Bio: Antonia Di Castri is a registered nurse, epidemiologist, and PhD student in the Social and Behavioural Health Sciences division of the Dalla Lana School of Public Health. Her research program is broadly focused on infectious disease diagnosis and prevention with a range of projects on issues of access, consent, equity, trust, healthcare professional culture, (mis/dis)information, vaccine policy, and more-than-human engagement in research. Antonia’s doctoral dissertation is situated at the confluence of infectious disease and climate change and looks at public health measures of preventing tick-borne diseases using critical more-than-human theories of health rooted in epistemic, social, and ecological justice.

Talk Title: Unsustainability is in what people do: Surgical practice as social practice

Bio: Colin Sue-Chue-Lam is a resident physician in general surgery and member of the Collaborative Centre for Climate, Health, and Sustainable Care at the University of Toronto. He is interested in sustainable healthcare and the study of how surgery changes over time.

Talk Title: Sensing invisibilities: Revisioning communication across the more-than-human to transform health policy, practice and education

Bio: Sonia Meerai is Indo-Guyanese, with roots shaped by the histories of indentureship. She is an Assistant Professor at Laurentian University’s School of Social Work. Her research explores fat and racial justice, reproductive technologies, algorithmic surveillance, and techno-fat embodiment through critical race feminist, disability justice, and decolonial feminist frameworks. Sonia’s work examines how digital health technologies shape inequities, however also recognizing that these technologies have the potential to be part of revisioning our wellbeing to be more compassionate and relational to self, our environment, spirit, and more than human relations.

Talk Title: Sensing invisibilities: Revisioning communication across the more-than-human to transform health policy, practice and education

Bios: Chizuru Nobe-Ghelani is a migrant settler from rural Japan. She is an Assistant Professor at the School of Social Work, Toronto Metropolitan University. She is committed to decolonizing, reflexive, relational and community-engaged research and passionate about fostering better relationships between lands, newcomers and First Nations, Inuit and Metis People. Her emerging area of scholarship is earth-based healing grounded in trans-local ancestral knowledge.

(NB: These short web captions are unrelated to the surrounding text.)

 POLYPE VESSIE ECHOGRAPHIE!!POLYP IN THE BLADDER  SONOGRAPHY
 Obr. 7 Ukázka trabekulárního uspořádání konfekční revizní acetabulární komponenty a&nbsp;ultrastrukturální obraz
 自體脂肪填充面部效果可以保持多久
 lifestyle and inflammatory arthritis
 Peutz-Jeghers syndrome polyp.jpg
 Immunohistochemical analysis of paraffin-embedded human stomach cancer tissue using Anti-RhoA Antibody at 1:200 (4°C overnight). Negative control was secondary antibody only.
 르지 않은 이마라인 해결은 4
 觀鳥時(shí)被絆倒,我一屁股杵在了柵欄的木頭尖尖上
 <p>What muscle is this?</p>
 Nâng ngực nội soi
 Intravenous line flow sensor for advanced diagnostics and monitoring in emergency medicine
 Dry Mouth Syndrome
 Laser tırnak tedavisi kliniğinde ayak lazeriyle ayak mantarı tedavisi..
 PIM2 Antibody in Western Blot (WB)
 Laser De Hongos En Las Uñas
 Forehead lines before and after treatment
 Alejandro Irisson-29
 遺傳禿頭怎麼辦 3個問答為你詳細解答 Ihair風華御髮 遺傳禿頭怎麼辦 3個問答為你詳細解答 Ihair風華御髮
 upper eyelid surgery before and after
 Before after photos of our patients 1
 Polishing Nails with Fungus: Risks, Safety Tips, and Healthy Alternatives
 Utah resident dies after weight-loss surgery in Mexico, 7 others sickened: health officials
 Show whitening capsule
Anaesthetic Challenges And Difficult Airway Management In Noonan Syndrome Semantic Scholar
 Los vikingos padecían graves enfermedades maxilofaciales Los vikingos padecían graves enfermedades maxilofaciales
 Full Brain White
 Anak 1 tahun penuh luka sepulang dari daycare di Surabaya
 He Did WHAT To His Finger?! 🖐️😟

Drawing on her cultural and spiritual upbringings of grassroots animism passed down from her Baachan (grandmother), Chizuru believes deeper connections with the more-than-human world can be a threshold for a better world for all beings.

Moderator

Bio: Sarah Elton researches the ways the food system impacts human health and ecosystems and their implications for food justice drawing on critical qualitative health research methodologies. She works across the food system, studying: produce supply chains in the context of climate change and food access; socio-ecological food systems of urban gardens; and the human gut microbiome from a social science perspective. She is the inaugural Eakin Chair in Critical Qualitative Health Research Methodology at the Dalla Lana School of Public Health, University of Toronto.